At the core of preventing and reducing AMA discharges are the underlying need for all clients to feel accepted, that they belong and that they have become competent about the disease of addiction and the recovery process. Understanding this and applying the above-listed interventions can lead to successful retention of clients in the residential.
If a patient cannot be stopped from leaving care AMA, professionals should be certain individuals are leaving with informed consent and have been given ample opportunity to ask questions regarding their health conditions. In other words, a patient being discharged against medical advice has to be mentally sound to make the decision to leave. However, before a person gets to that point, there are some things the addiction professionals can do to help them choose treatment instead.
- Know your state involuntary commitment laws and regulations
• Know your state duty to warn laws and regulations
• Anticipate that patients may want to leave AMA
A person may have serious motivation to stop using or drinking, but that doesn’t necessarily mean they remain motivated to do the challenging, frightening, difficult work that treatment necessitates. Facing their past, facing their sadness, facing their fears; none of those things are easy, and doing it without the comfort of a drug or drink? That can be terrifying.
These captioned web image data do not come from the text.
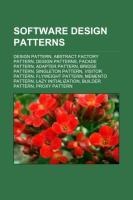 Software design patterns: Design pattern, Abstract factory pattern, Design Patterns, Facade pattern, Adapter pattern, Bridge pattern, Singleton pattern, Visitor pattern, Flyweight pattern, Memento pattern, Lazy initialization, Builder pattern, Proxy patte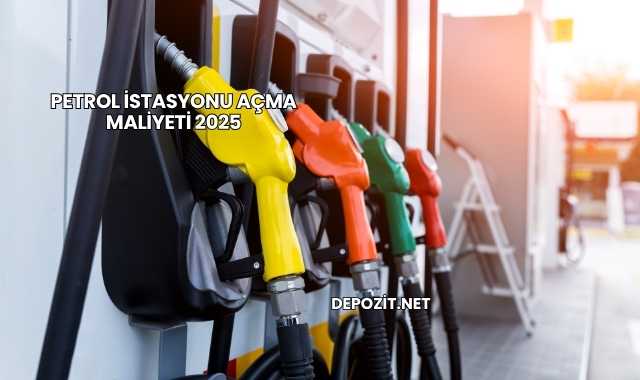 Petrol İstasyonu Açma Maliyeti 2025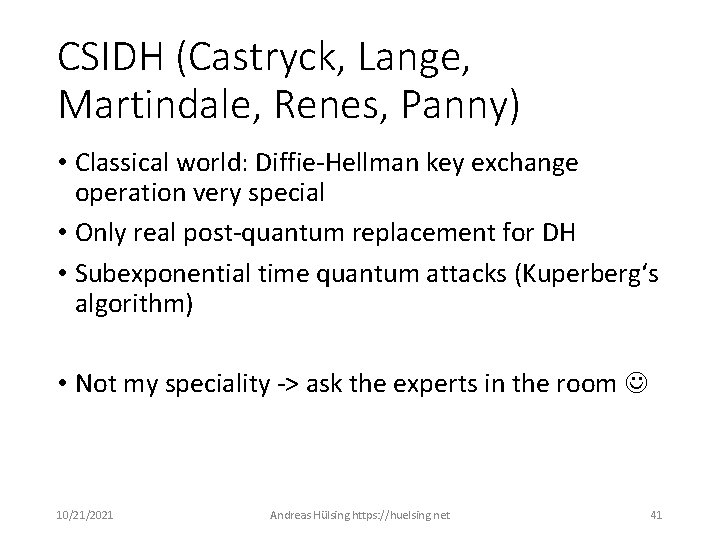 CSIDH (Castryck, Lange, Martindale, Renes, Panny) • Classical world: Diffie-Hellman key exchange operation very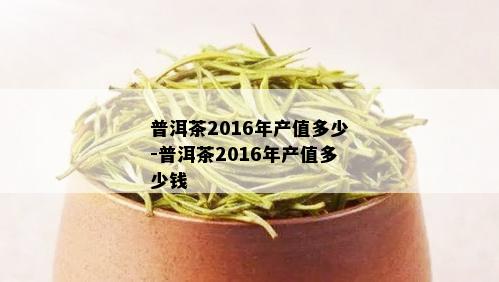 普洱茶2016年产值多少-普洱茶2016年产值多少钱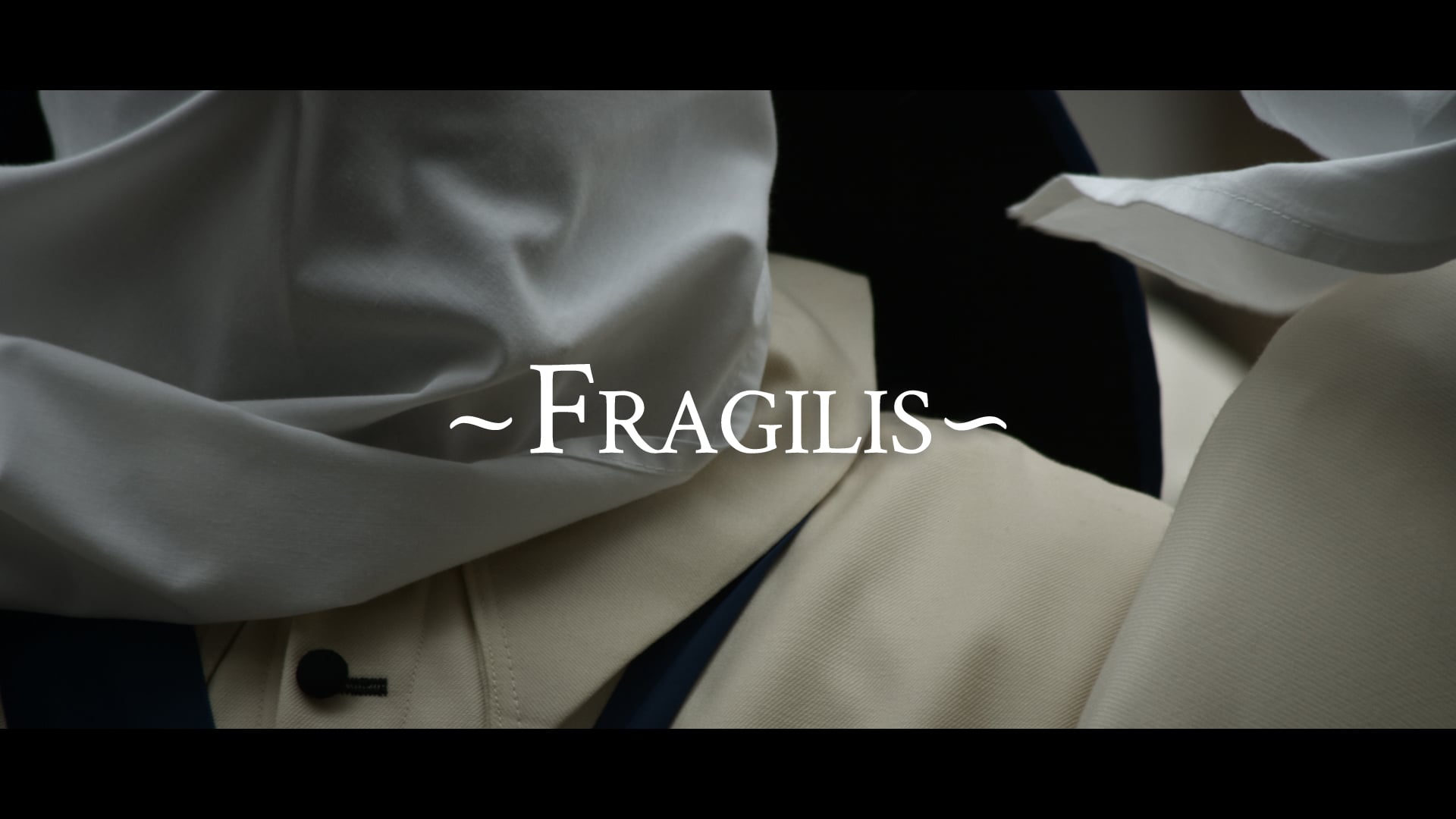 ~ Fragilis ~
Even more challenging is the fact that their brains are working against them. Drug and alcohol use have been related to deficits in the ways the brain processes information and emotions. An addict will react to negative events and emotions more than they react to positive ones; the good things just do not hold as much weight as the bad. They are impulsive and have a hard time planning. Immediate rewards seem much more important than rewards that could be greater but are farther away. Logically, they know that the benefits of getting sober will be bigger than the brief pleasure or comfort of a drink or a drug, but it’s hard to remember that when they are uncomfortable or upset.
When the patient takes all of this into account, it makes perfect sense to want to leave. As recovery professionals, we know that the moment may come where a client says, “I can’t do this.” We must ask is there anything we could do differently? Is there any way to make the process more comfortable?
When a patient leaves AMA it is a heart-breaking outcome because we know that the best predictor of treatment success is the length of time in treatment; the longer someone stays, the better their chances of staying sober. One of the hardest reasons for leaving to hear is also one of the most honest: “I’m just not ready.”